Extrait de http://www.lesnouvellesderoumanie.eu/images/2008-03-01.pdf 

Pages 42 à 44.

Le destin roumain d’un jeune coiffeur doué pour le chant et la peinture

Natif de la région toulousaine, Jean Neyliès ( 1869-1938 ) était devenu le peintre favori de la Cour royale. 

Monté à Paris pour y devenir coiffeur, le gamin issu d'une famille très modeste de Montesquieu-Volvestre (Haute-Garonne) Jean Neylies deviendra l'un des plus grands peintres roumains. Récit d'une histoire sortant de l'ordinaire… où, alors que tant de Roumains ont apporté à la France, dans différents domaines, ce sera l'inverse qui ici se produira. A l'image du médecin-chirurgien Carol Davila, parti de Nantes pour devenir le fondateur de la médecine moderne en Roumanie, un Français va laisser sa marque dans le patrimoine, cette fois-ci culturel, roumain. 

Père paysan, mère couturière 

Jean Neylies est né à Montesquieu-Volvestre, en Haute-Garonne, le 21 décembre 1869, dans une famille très modeste.

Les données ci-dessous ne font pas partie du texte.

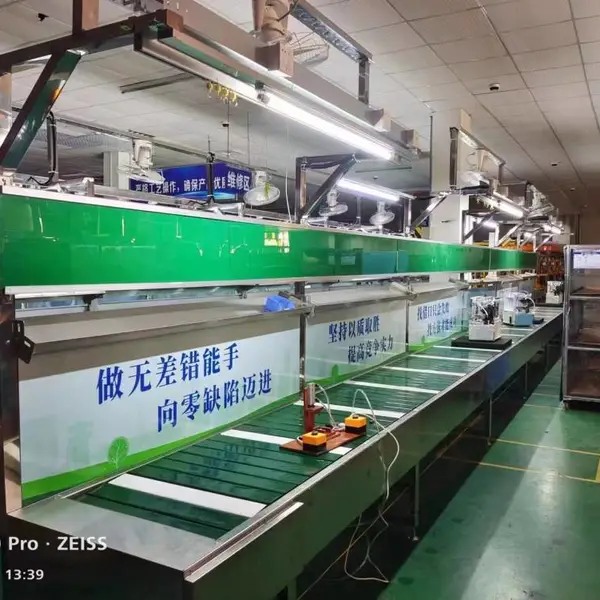 电子电器的传送带制造滑轮车装配线两轮车组装线设备的滑板车输送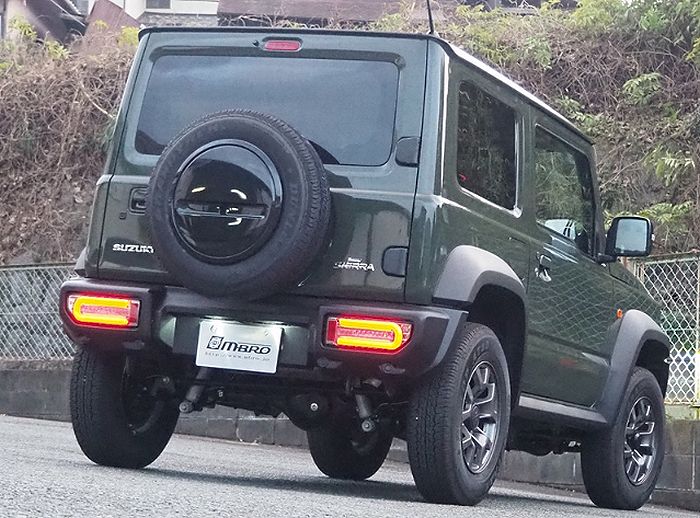 楽天市場】JB64ジムニー/JB74ジムニーシエラMBROエムブロサンダー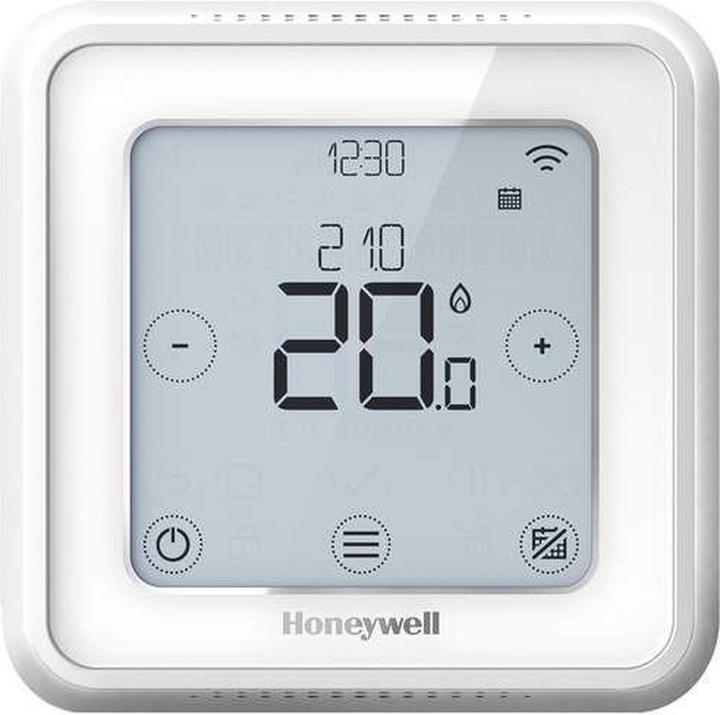 Actual product image Honeywell Lyric T6 Slimme Thermostaat Wit - Bedraad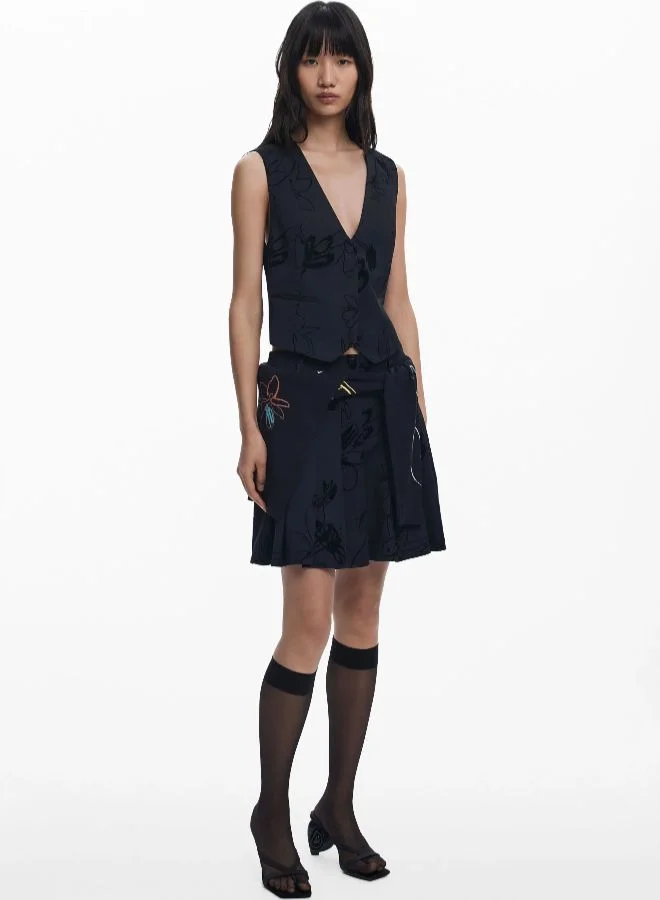 DESIGUAL Tailored Waistcoat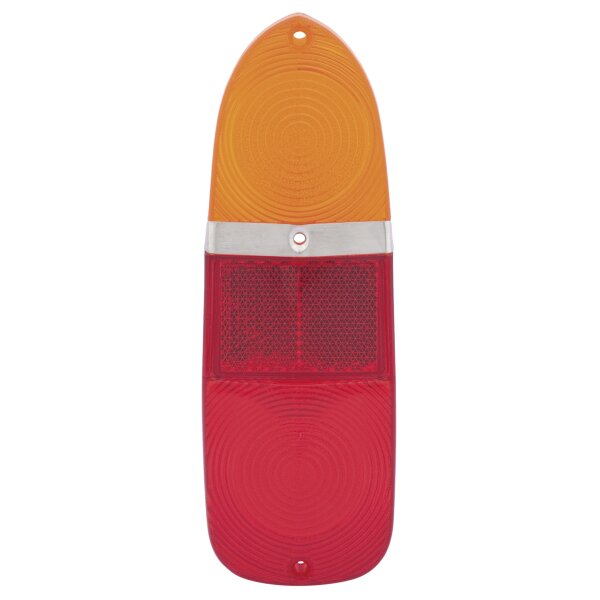 LENS INDICATOR/STOP/TAIL, RED/ORANGE (STRUCTURE ROUND) L669, L54578033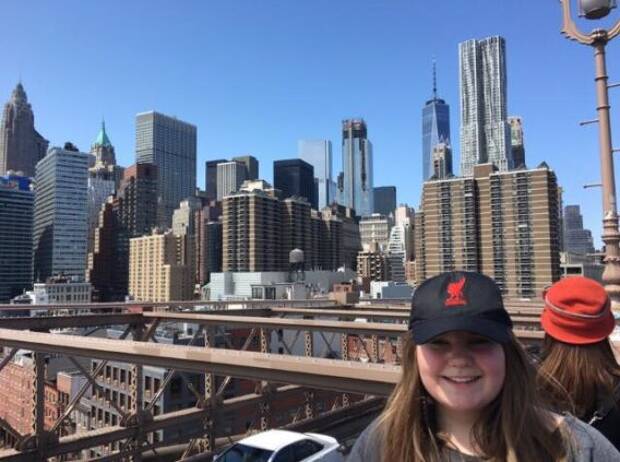 Freya drømmer om udveksling i USA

Son père était un de ces cultivateurs qui labouraient des lopins de terre disséminés dans la campagne et que l'on appelait pour cela "parçonèrs". Sa mère était couturière. 

Les dures conditions de travail, une existence précaire, ont poussé les parents à donner à leur fils un métier qui pourrait lui permettre d'échapper à leur condition. Jean avait révélé très tôt d'excellentes dispositions pour le dessin et la peinture. Mais à Montesquieu et dans les environs, les parents ne voyaient pas de professions correspondant à ses dons. Un oncle possédait à Foix, dans l'Ariège, un salon de coiffure qui le faisait bien vivre. Cet antécédent familial décida les parents. Jean sera coiffeur. Monsieur Rougé, leur ami et coiffeur de son état, accepte de le prendre en apprentissage. Combien de temps dura cet apprentissage ? 

Pierre Lattes, dans une de ses chroniques raconte que: "le jeune Jean Neylies, sa formation professionnelle terminée, monta à Paris pour acquérir la maîtrise dans son métier". Elie Abeille et Henri Ménard dans Histoire de Montesquieu-Volvestre donnent la date de 1888 pour ce départ à Paris. Or, Jean Neylies exécute en 1887 et 1888 des copies de grands maîtres, Rubens et Murillo, qui sont exposées dans l'église Saint- Victor de Montesquieu. 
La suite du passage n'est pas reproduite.